My second thought was that it has something to with the result presented here: The Laplace transform of the first hitting time of Brownian motion
So we use $M_t=\exp(\theta B_t-\frac{1}{2}\theta^2 t)$ as the "appropriate integral" and the Laplace transform of $H_a=\inf\{t: B_t>a\}$ but I do not see how these things should be connected, may you have some idea.
 A: The hitting time $H_a$ is not obviously related to the bilateral hitting time $\tau$ hence I fail to see how to use your idea. Instead, a common approach is to consider the function $u$ defined on $(a,b)$ by
$$
u(x)=E_x[\mathrm e^{-\theta^2\tau/2}],
$$ 
where $E_x[\ ]=E[\ \mid B_0=x]$, and to decompose $\tau$ as the independent sum of the first hitting time $\sigma$ of $\{x-z,x+z\}$ and the remaining time $\tau-\sigma$ until $\tau$, where $z$ is positive and small enough to guarantee that $(x-z,x+z)\subseteq(a,b)$. 
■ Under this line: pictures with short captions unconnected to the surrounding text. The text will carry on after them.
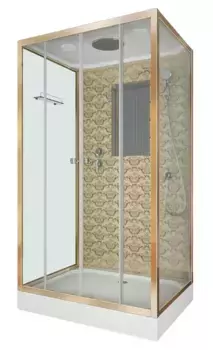 Душевая кабина «Niagara» NG-7772QG 120/90 низкий поддон прозрачная/золото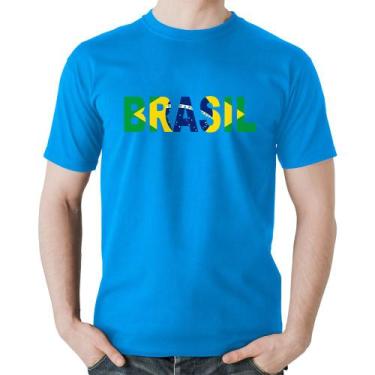Imagem de Camiseta Algodão Bandeira Brasil Letras - Foca na Moda, Azul, GG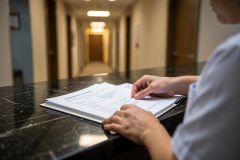 Close-up of hands reviewing medical charts and data reports on a black marble desk. A person in professional attire examines documents with graphs. The background features a blurred, brightly lit hallway of a clinic or office building, creating a sense of a healthcare or corporate environment.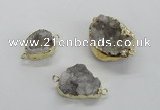 NGC463 15*20mm - 20*25mm freeform druzy agate gemstone connectors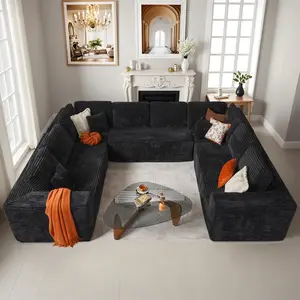 Oversize U-Shape Boneless Cloud Modular Sectional Couch, Modern Upholstered Sofa with Deep Seat, Plush Corduroy Fabric, No Assembly Required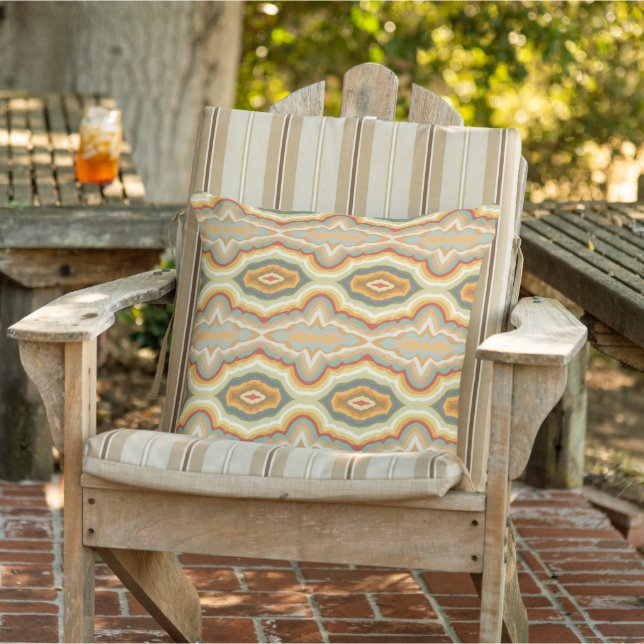 Coussin Motif géométrique abstrait d'art pop rétro ondulé (Chaise)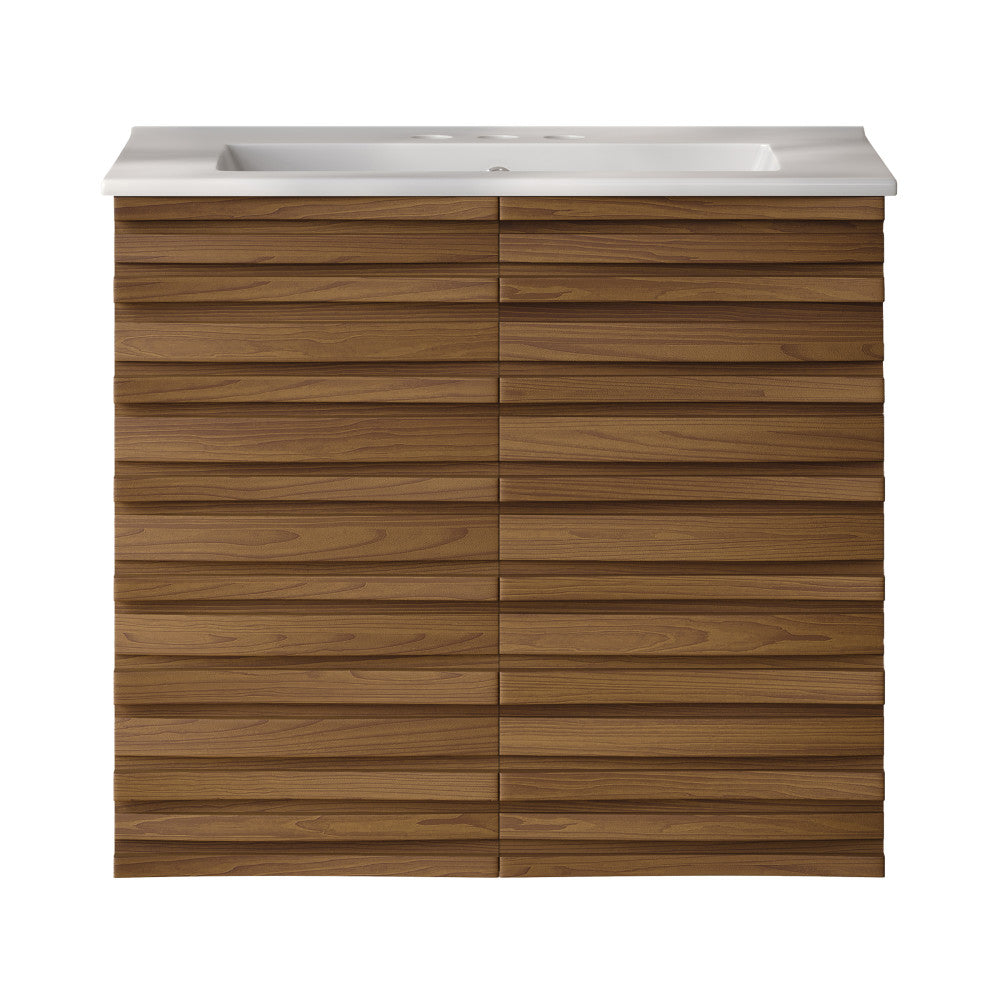 Brown Oak / White / 3-Hole Center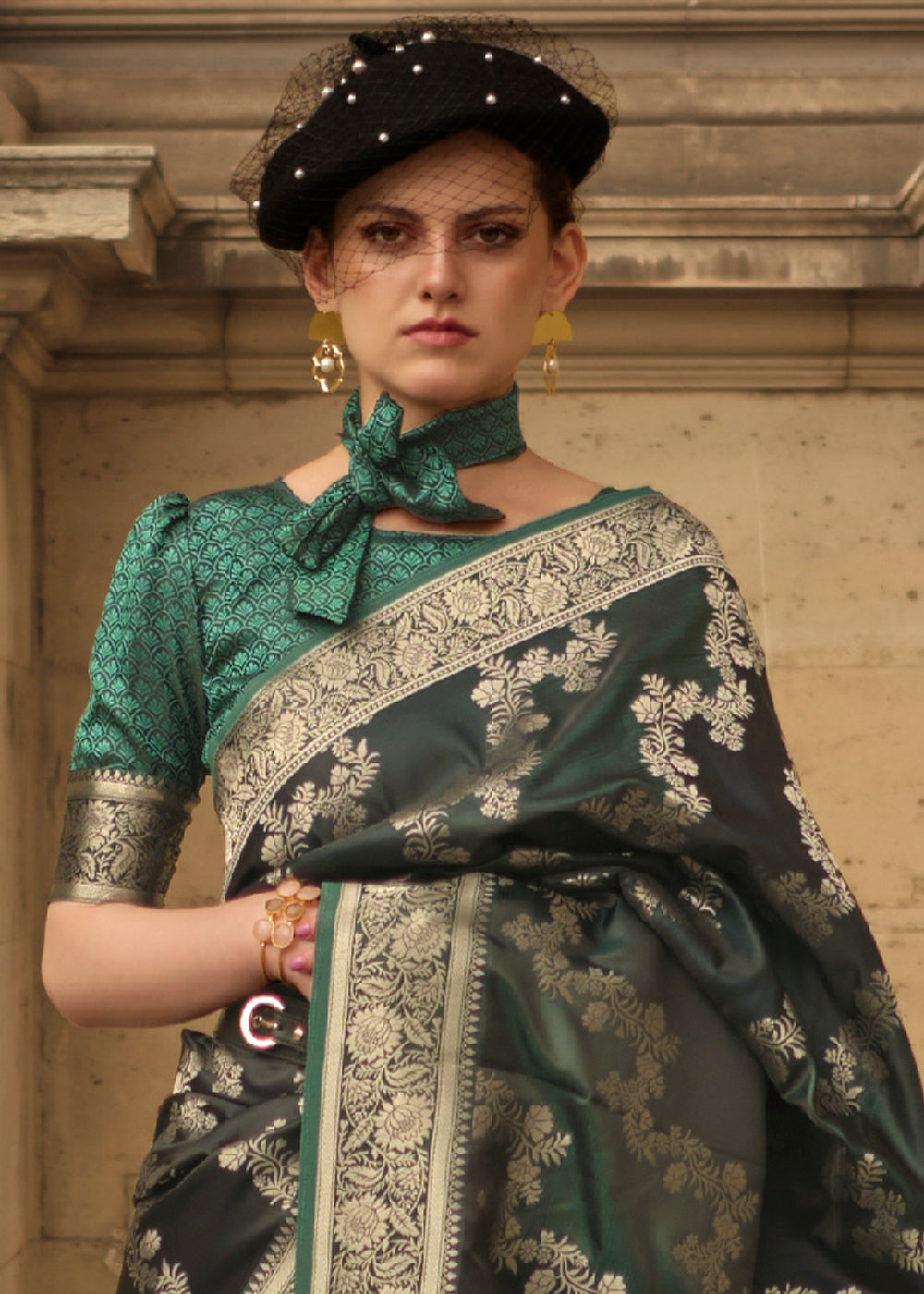 Hunter Green Woven Satin Silk Saree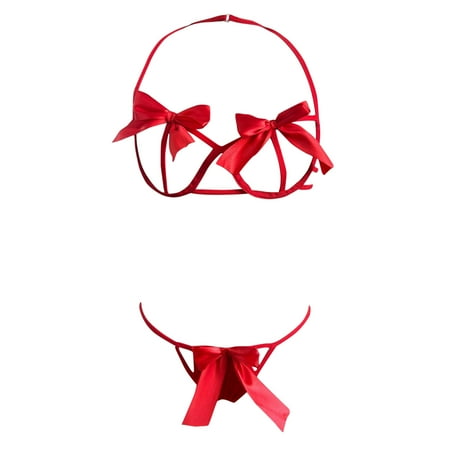 Upioiwer Sostenes Para Mujer Bra Pack Women Plus Size Bow Decor Cut Out Underwire Lingerie Set Two Piece Underwear Bowknot Lace Lingerie Underwear Sleepwear Steel Ring Pajamas Garter Cute Bras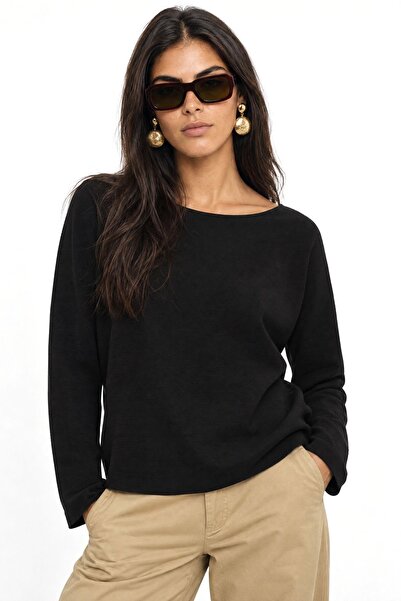 Hiccup Mixray Boat Neck Ribbed Knit Sweater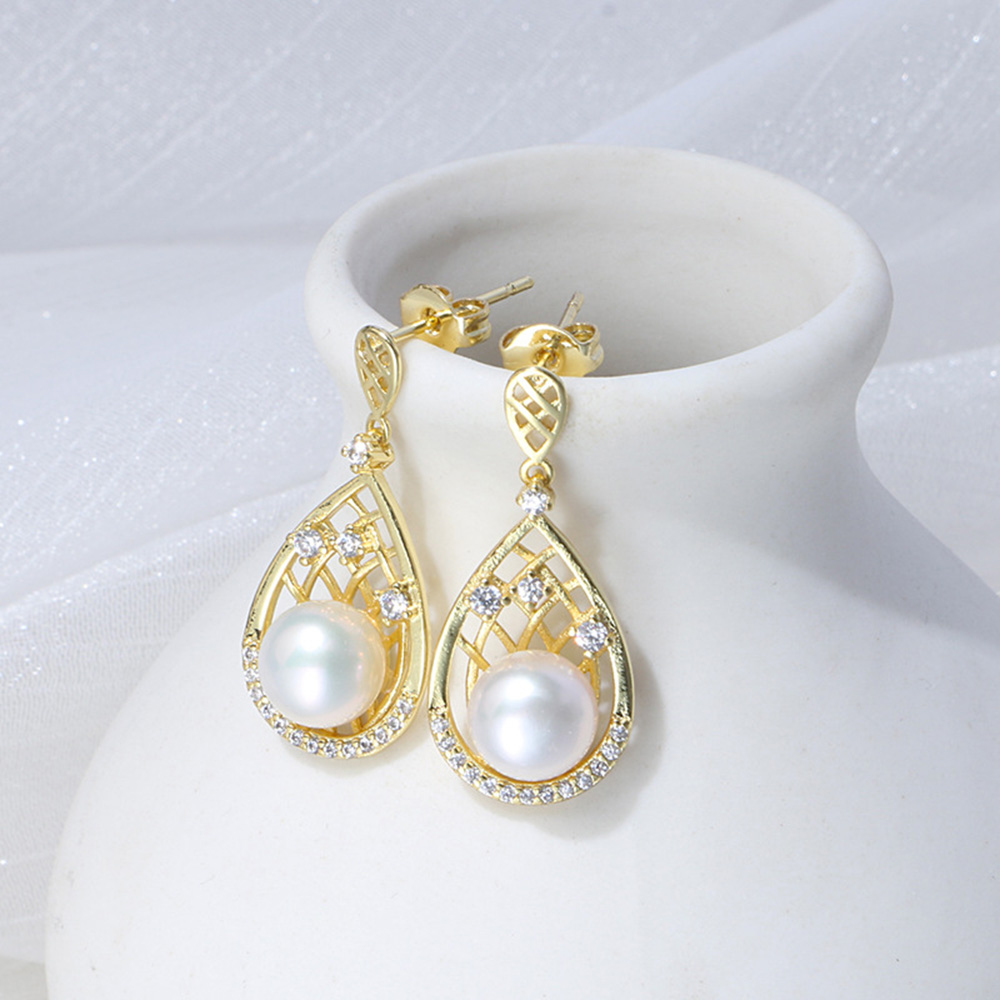 Waterdrop S925 Pearl Dangle Earring 18K Real Gold Plated Prevent Allergy Earrings for Women Gril Gift Freshwater Natural Pearls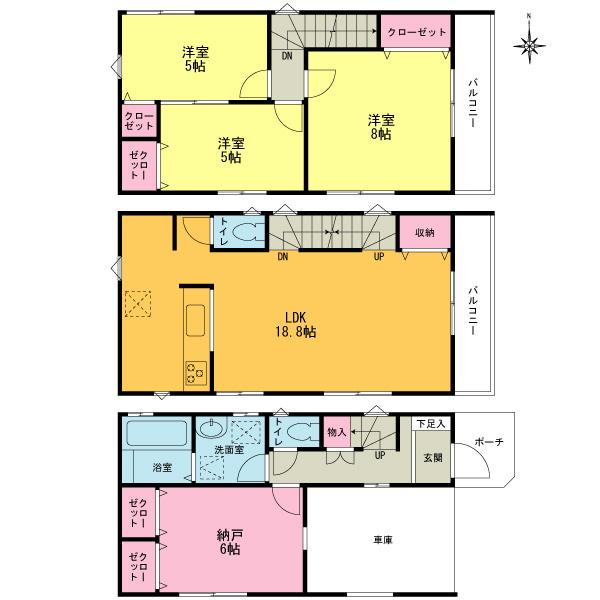 Floor plan. 36,800,000 yen, 3LDK + S (storeroom), Land area 67 sq m , Balcony There are two places in the building area 114.51 sq m wide type of floor plan.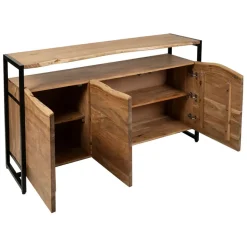 Fabrique de Styles Buffet 3 portes en acacia et pieds en fer noir - Brooklyn* Buffets Et Vitrines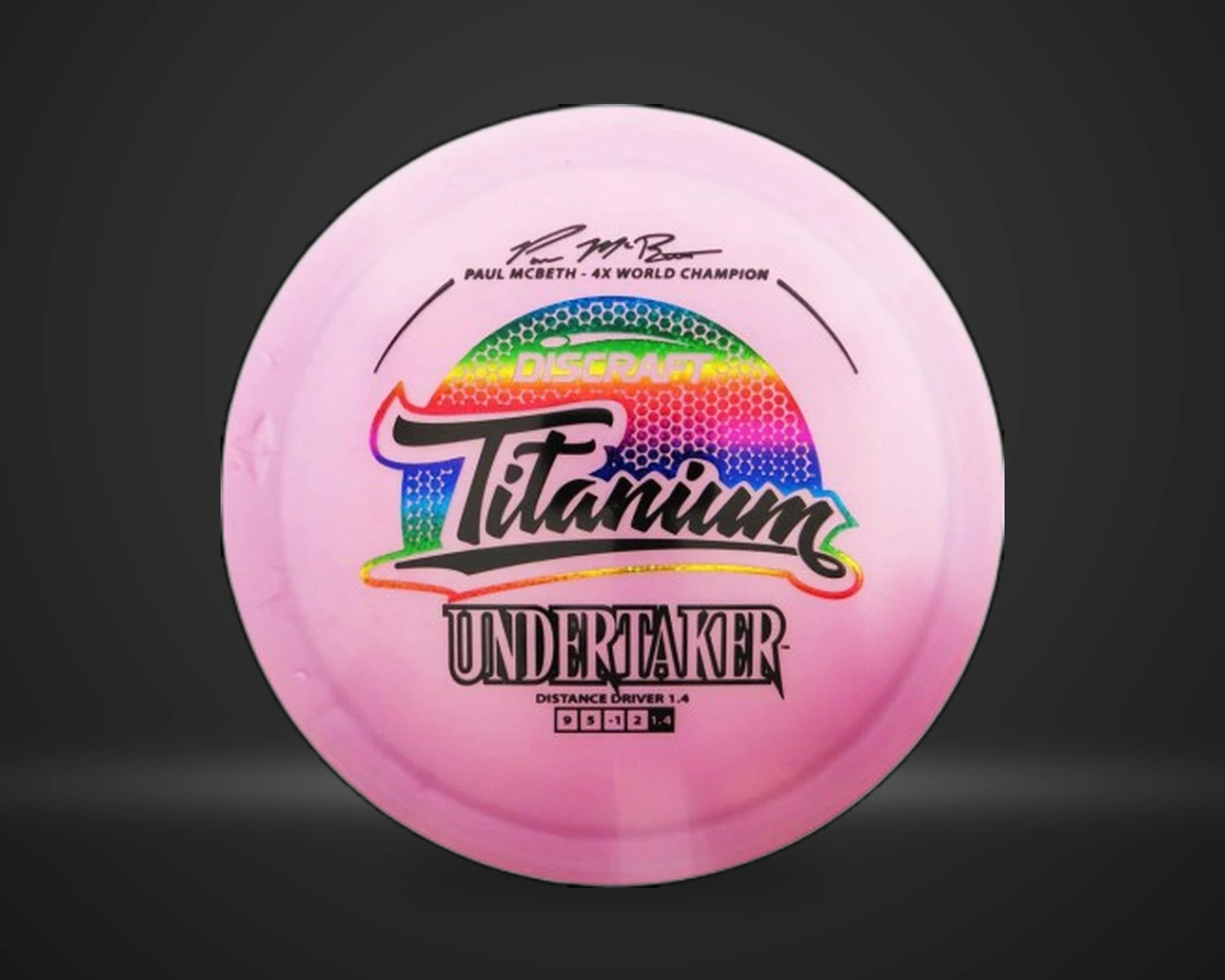 Titanium Undertaker fairway driver i flerfarget plast, vist forfra på mørk produktbakgrunn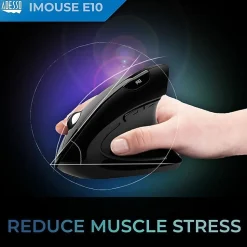Adesso® iMouse E10 Wireless RF Vertical Ergonomic Optical Mouse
The Markov property at time $\sigma$ and the independence of $\tau-\sigma$ and $\sigma$ yield
$$
u(x)=E_x[\mathrm e^{-\theta^2\sigma/2}]\,\tfrac12(u(x+z)+u(x-z)).
$$
The martingale $(M_t)$ you summoned in your question, plus the fact that $B_{\sigma}$ is independent of $\sigma$ and uniform on  $\{x-z,x+z\}$, yield 
$$
E_x[\mathrm e^{-\theta^2\sigma/2}]=\left(\mathrm e^{-\theta x}E_x[\mathrm e^{\theta B_{\sigma}}]\right)^{-1}=\cosh(\theta z)^{-1},
$$
thus,
$$
2\cosh(\theta z)u(x)=u(x+z)+u(x-z).
$$
When $z\to0$, this reads
$$
2(1+\tfrac12\theta^2z^2)u(x)=2u(x)+u''(x)z^2+o(z^2),
$$
hence
$$
u''(x)-\theta^2u(x)=0.
$$
This, together with the boundary condition that $u(a)=u(b)=1$, yields the expression you are after.